Ещё бы — руки у него подрагивают, и даже нить на изогнутую иглу он надевает не с первого раза. Сдирает салфетку, протирает шов спиртом. Да, местами лопнул, края разошлись и измочалились, но я ожидал, судя по ощущениям, чего пострашней. Брызгает чем-то, отчего всё слегка немеет. И поэтому иссечение почти не чувствуется. Но когда стягивает кожу и втыкает иглу, я готов обоссаться от боли. Но я же мужик, только зубами скрипнул, и стараюсь не обращать внимание на эту дикую и антисанитарную процедуру.

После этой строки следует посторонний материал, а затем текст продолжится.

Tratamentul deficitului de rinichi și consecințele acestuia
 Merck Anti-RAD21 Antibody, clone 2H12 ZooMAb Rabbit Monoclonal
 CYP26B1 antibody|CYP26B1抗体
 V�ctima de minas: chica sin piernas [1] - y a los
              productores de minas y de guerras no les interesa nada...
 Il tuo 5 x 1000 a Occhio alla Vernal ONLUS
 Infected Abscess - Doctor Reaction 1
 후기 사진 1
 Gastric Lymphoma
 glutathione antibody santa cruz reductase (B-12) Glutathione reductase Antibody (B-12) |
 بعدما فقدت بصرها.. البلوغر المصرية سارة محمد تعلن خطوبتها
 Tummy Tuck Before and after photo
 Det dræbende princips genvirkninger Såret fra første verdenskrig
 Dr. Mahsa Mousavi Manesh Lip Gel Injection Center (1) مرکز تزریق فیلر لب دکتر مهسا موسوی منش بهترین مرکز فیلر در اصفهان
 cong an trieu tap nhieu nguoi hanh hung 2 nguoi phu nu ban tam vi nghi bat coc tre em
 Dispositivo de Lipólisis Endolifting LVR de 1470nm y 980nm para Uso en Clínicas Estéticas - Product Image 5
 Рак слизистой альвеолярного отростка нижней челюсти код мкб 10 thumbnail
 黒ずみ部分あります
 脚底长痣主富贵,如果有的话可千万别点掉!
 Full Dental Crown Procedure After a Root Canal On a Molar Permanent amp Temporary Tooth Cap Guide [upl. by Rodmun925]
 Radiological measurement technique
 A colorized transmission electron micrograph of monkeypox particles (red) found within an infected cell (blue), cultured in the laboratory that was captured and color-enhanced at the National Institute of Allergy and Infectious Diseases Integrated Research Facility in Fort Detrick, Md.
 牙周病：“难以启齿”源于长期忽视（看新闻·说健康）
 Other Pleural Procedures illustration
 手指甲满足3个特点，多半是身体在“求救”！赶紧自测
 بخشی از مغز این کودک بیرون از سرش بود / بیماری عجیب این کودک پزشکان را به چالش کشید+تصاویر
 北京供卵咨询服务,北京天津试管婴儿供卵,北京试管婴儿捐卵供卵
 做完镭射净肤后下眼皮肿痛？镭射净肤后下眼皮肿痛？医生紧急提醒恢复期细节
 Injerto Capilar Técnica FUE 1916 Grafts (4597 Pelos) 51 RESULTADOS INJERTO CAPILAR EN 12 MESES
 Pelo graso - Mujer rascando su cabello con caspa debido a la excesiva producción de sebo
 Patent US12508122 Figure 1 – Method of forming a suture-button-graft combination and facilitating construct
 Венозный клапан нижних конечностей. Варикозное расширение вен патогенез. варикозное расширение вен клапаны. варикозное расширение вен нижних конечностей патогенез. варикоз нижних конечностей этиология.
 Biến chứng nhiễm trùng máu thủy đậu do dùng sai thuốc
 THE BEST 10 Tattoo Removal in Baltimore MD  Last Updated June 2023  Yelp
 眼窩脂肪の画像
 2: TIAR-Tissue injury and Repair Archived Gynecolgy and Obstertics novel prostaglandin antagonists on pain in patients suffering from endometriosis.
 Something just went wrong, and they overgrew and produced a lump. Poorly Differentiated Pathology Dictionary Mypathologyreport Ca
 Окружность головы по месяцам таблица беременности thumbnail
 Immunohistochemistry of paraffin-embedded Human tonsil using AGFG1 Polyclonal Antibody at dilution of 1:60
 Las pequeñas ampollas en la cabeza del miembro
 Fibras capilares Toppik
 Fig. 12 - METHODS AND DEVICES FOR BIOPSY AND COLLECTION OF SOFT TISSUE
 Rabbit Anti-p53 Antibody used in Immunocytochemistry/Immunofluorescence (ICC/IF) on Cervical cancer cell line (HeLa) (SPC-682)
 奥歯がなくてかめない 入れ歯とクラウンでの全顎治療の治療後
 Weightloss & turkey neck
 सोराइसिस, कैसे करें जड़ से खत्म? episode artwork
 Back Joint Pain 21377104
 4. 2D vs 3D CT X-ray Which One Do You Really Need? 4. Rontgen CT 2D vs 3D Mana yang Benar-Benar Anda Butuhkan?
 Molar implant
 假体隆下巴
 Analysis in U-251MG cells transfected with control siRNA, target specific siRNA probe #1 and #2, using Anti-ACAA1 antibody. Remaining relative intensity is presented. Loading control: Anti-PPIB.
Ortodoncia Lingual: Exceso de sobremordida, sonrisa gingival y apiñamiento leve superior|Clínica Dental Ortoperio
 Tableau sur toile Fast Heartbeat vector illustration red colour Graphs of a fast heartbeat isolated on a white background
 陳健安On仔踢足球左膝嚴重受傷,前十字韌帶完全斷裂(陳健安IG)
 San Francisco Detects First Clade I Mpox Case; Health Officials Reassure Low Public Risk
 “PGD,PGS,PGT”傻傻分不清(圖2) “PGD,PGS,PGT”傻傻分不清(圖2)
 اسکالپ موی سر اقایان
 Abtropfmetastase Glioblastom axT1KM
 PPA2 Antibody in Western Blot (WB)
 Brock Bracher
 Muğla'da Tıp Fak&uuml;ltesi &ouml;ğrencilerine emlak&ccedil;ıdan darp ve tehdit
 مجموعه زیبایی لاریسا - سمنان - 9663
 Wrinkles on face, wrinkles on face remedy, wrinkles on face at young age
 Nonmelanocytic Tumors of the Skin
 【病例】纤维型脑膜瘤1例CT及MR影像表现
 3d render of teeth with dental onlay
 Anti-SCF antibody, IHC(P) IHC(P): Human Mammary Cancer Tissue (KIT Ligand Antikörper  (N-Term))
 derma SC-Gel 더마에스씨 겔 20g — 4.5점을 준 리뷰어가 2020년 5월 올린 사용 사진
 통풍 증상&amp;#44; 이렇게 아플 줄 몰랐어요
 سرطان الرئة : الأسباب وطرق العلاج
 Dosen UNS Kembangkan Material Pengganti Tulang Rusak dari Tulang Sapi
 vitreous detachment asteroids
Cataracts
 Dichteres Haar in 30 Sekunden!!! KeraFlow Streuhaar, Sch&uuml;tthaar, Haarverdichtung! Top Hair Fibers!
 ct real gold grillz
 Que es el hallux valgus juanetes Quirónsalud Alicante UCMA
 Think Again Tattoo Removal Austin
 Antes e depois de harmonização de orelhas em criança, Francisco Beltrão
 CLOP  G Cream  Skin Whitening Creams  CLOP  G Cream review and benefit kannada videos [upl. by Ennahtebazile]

— Молодцом, — хлопает меня по плечу блондин, — всё, закончил.
Бросает инструменты в мойку, ополаскивает руки.
— Медицина передовых стран, двадцать первый век! — одёргиваю футболку поверх заклеенной по-новой раны.
— Сам просил, — огрызается Чар. — Я к Би.
— Я с тобой.
Когда я убедился, что мне не грозит выпадение органов, сил как-то сразу прибавилось.
— Хорошо, только не в таком виде.
Чар стягивает с себя робу, снимает рубашку и протягивает мне:
— Надень, не пугай народ.
Маловата в плечах, приходится оставить полурасстёгнутой, но так не видно кровавых потёков на футболке, он прав. А сам всё равно в форме, никто и не заметит, что под ней – ничего.
— Его уже зашили, наверное, и перевели, раз кровь перелили.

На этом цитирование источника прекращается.